# My hellebores



## Wendy (Apr 15, 2017)

Helleborus niger









These others are hybrids....don't know the names. I do have Helleborus foetidus as well but it was only planted last fall and did not produce flowers this year.


----------



## Wendy (Apr 15, 2017)

A couple more....

This is a HUGE patch. I haven't cleaned up the old dead leaves on it yet so please excuse the messy appearance.

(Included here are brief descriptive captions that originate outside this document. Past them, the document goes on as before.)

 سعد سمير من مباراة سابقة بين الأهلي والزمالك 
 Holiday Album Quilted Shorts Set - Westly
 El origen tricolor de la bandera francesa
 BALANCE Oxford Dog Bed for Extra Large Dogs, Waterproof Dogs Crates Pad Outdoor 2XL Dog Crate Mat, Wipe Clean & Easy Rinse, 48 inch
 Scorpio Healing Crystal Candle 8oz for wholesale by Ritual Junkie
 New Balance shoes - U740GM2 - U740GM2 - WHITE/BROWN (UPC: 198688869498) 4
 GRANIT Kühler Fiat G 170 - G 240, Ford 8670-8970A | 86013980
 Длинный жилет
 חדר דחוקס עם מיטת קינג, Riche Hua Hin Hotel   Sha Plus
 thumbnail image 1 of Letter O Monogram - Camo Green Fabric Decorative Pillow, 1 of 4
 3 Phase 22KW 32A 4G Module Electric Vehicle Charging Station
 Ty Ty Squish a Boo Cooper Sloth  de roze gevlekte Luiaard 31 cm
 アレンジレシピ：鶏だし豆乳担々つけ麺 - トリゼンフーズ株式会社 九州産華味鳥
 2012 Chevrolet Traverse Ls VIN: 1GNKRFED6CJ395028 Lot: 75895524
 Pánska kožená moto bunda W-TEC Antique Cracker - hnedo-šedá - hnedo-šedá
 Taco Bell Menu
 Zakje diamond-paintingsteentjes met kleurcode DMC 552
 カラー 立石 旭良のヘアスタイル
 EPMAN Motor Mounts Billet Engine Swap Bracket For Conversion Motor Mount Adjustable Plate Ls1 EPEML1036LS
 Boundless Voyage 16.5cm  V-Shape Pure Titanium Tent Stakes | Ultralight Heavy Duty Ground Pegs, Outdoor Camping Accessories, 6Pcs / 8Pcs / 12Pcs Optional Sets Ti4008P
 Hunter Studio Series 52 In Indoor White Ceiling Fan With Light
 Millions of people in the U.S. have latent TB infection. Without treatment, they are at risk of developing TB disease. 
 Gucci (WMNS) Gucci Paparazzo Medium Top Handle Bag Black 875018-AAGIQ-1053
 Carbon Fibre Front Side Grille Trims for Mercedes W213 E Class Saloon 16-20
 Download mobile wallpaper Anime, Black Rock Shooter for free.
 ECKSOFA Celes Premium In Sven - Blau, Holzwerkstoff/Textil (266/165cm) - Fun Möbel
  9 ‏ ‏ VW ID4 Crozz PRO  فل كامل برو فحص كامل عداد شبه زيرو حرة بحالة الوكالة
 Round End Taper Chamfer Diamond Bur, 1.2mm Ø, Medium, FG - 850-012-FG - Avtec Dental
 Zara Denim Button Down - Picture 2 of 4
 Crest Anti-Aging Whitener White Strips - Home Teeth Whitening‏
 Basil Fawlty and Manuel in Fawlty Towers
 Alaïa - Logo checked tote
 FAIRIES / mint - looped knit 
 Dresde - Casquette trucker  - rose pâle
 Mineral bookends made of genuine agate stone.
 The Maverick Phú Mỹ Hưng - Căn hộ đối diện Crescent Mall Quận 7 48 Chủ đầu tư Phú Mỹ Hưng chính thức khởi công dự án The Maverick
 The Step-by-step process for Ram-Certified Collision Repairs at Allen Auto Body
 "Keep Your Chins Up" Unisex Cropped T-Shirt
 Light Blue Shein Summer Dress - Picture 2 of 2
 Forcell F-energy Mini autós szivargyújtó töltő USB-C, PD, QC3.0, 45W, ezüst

This one is only a year old and is still working on growing. The flower (notice the tight bud) is almost jet black. It has good new growth this spring so I'm hoping it will catch this year and have a good blooming next spring.


----------



## abax (Apr 15, 2017)

Wendy, your pictures are gonna cost me money come fall
planting time! I need some of these as well to tide me over between daff season and my other perennials.


----------



## SlipperFan (Apr 16, 2017)

Wonderful flowers!


----------



## cnycharles (Apr 17, 2017)

Nice flowers, good size


Sent from my iPhone using Tapatalk


----------



## Don I (Apr 18, 2017)

Very nice, I just stopped in at Belgian Nursery on my way back from Kitchener Thursday morning and bought 2. They are not as pretty as your doubles.
Don


----------



## Bjorn (Apr 22, 2017)

Wonderful plants Wendy, they are blooming in my garden as well now. Think I ought to take some photos?


----------



## Wendy (Apr 22, 2017)

Oh yes please! I love seeing new Hellebores. :clap:


----------



## Bjorn (Apr 24, 2017)

Here you are Wendy, some hellebore shots from my garden


----------



## Wendy (Apr 24, 2017)

Beautiful! Thank you! I have the black Hellebore but it hasn't given me a good blooming yet. It's a young plant so hopefully next year it will have a nice flowering.


----------



## Don I (Apr 24, 2017)

Nice looking plants and colour shades.
Don


----------



## KyushuCalanthe (Apr 24, 2017)

You've got to love hellebores. Mine finished flowering a month ago, but isn't it cool they can take such a range of climates and succeed.


----------